→ Exercise objective
The listing below holds a line with "Babysitter in São Paulo: Iohanna Gabrielle" and a later line with "Used 2025 McLaren Artura Spider image 5". Write out those two lines and every line between them, exactly, and nothing else.

→ Data section

____________________

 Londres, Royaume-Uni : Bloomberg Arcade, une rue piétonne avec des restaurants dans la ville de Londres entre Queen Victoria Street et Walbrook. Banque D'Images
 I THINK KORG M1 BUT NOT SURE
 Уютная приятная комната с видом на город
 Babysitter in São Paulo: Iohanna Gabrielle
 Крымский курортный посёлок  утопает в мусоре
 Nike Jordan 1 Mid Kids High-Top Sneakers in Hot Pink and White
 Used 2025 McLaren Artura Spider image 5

____________________

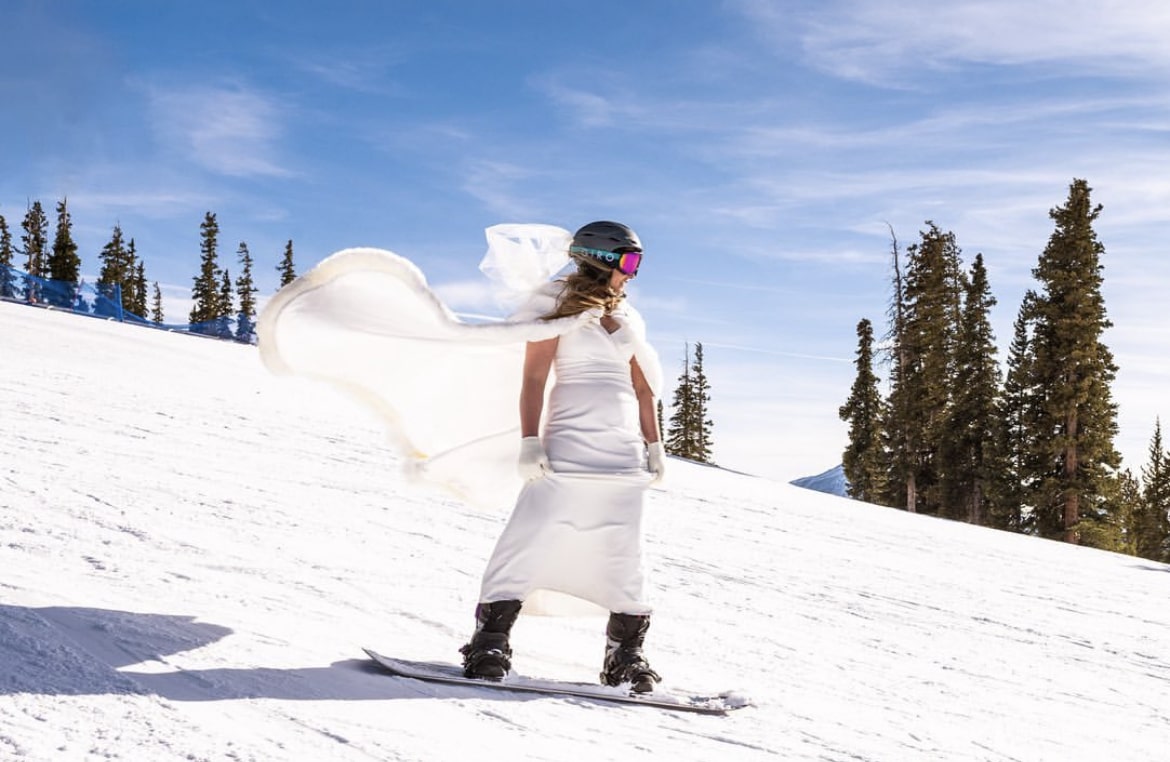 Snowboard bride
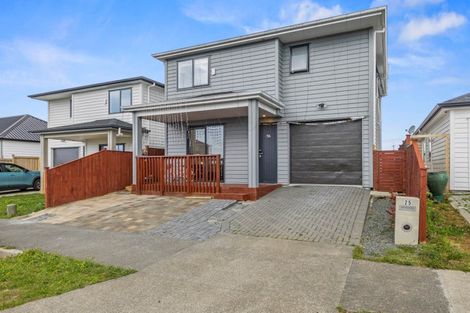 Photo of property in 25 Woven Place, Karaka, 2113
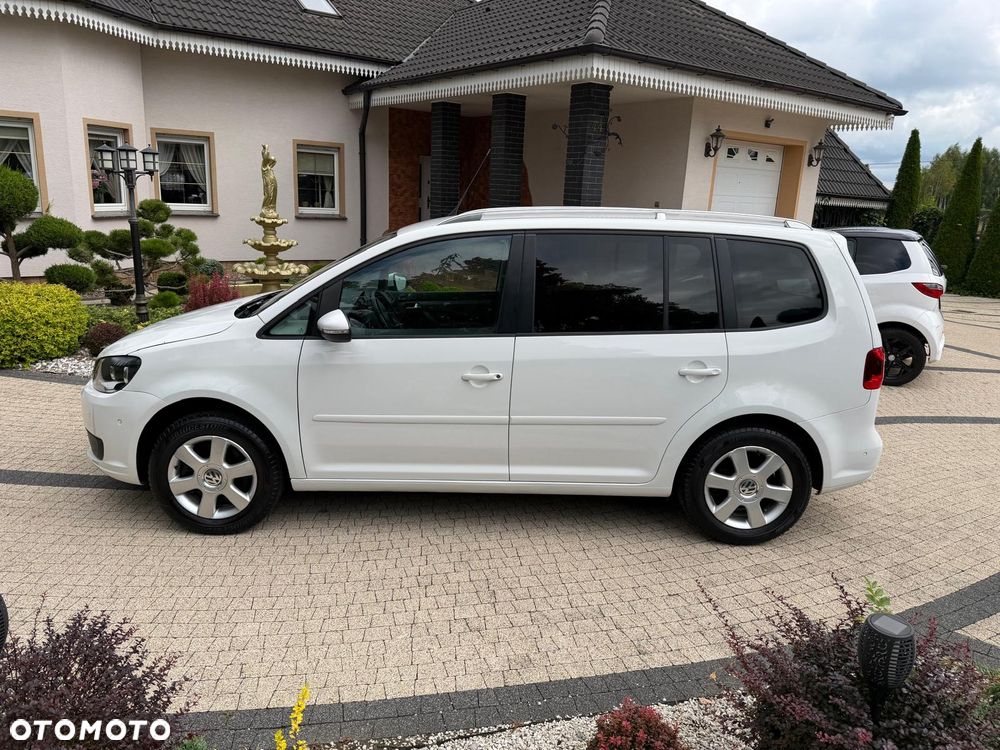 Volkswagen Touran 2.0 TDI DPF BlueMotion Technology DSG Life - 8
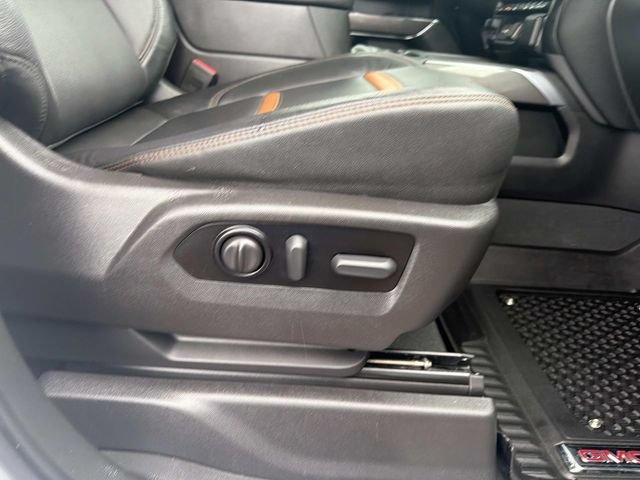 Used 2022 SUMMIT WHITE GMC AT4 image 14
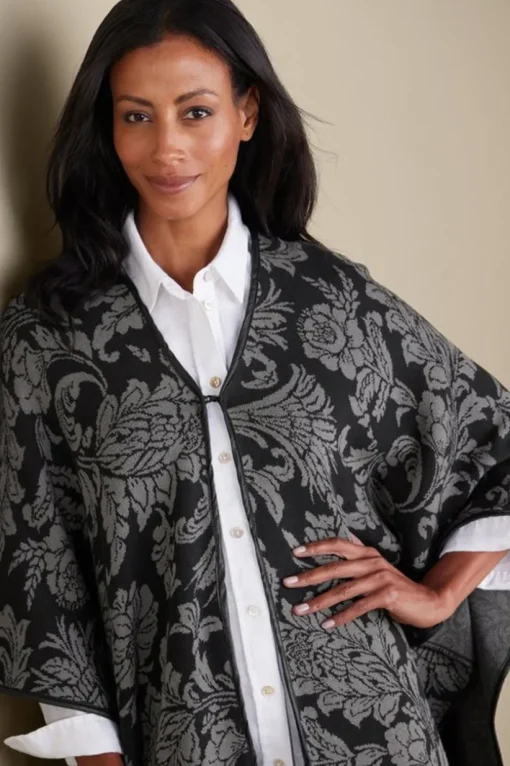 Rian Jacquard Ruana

____________________

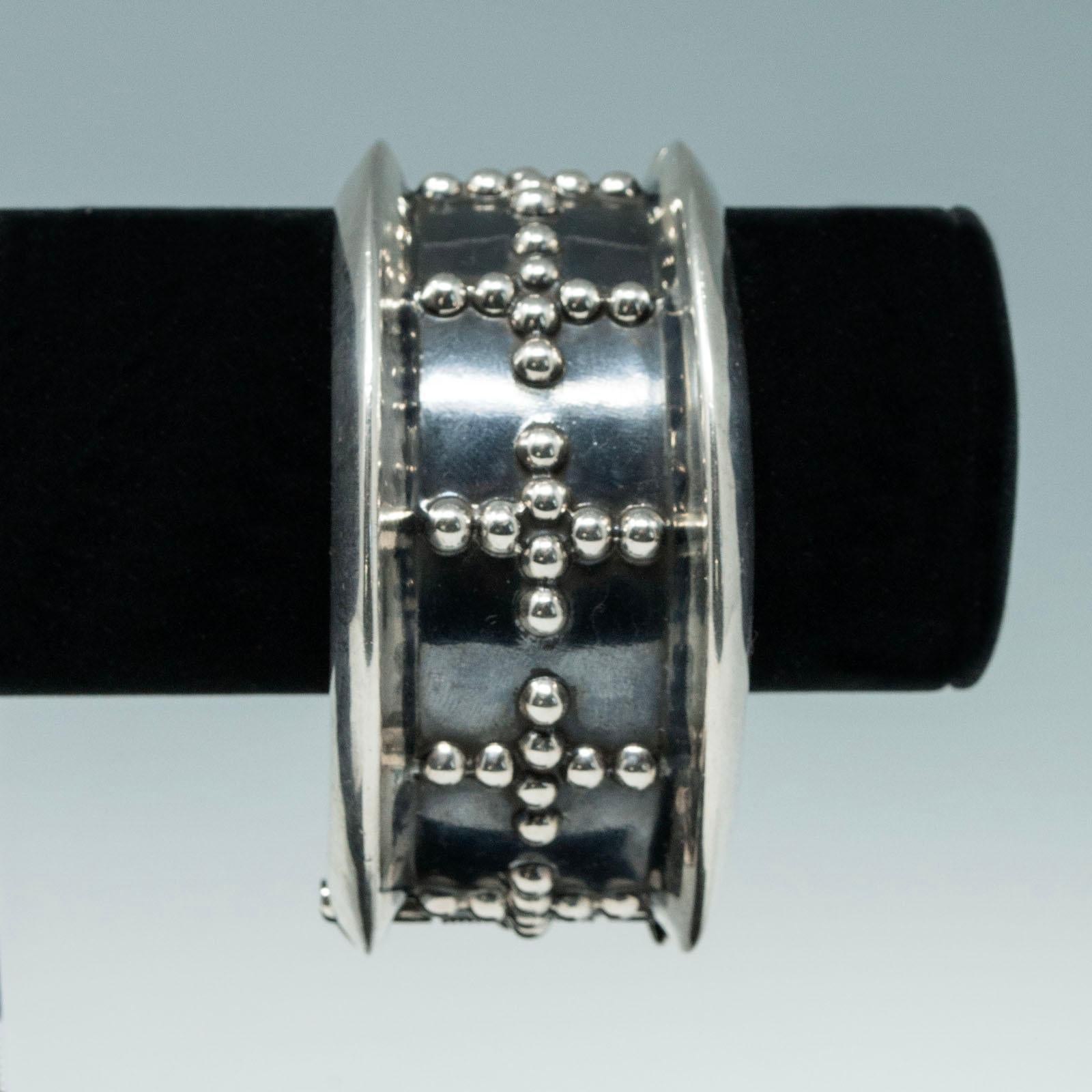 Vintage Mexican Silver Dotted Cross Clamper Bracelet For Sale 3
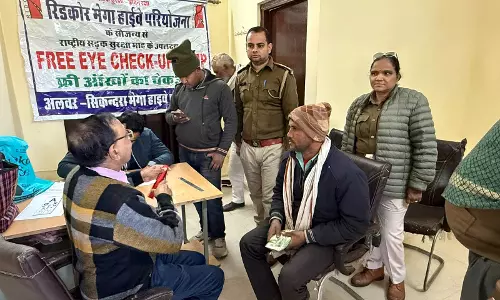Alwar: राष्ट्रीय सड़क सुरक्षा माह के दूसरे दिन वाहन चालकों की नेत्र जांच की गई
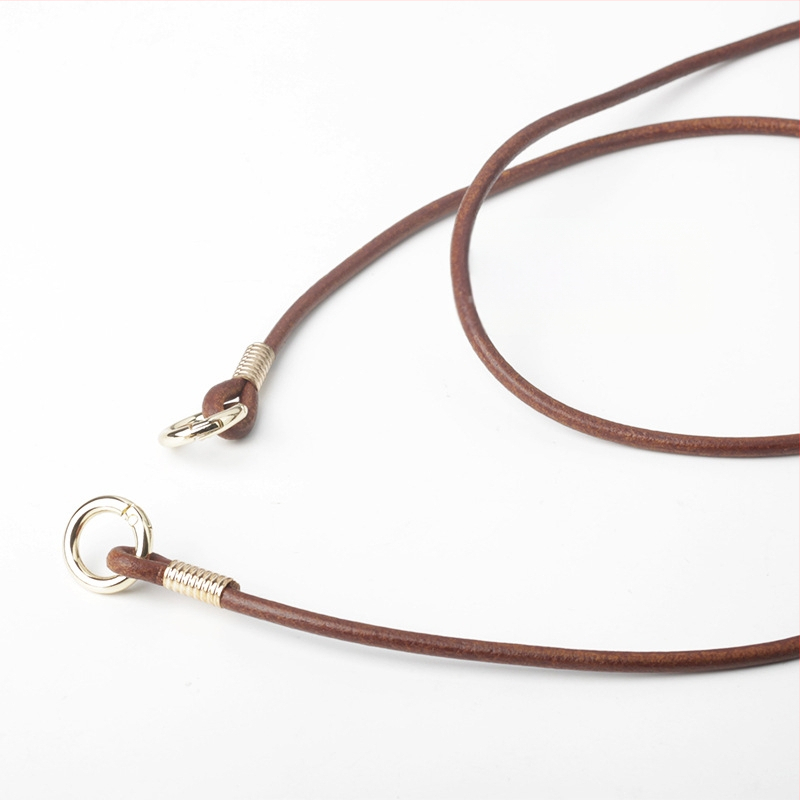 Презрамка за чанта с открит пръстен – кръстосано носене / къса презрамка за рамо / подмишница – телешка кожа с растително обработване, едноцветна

____________________

→ Your response
 Babysitter in São Paulo: Iohanna Gabrielle
 Крымский курортный посёлок  утопает в мусоре
 Nike Jordan 1 Mid Kids High-Top Sneakers in Hot Pink and White
 Used 2025 McLaren Artura Spider image 5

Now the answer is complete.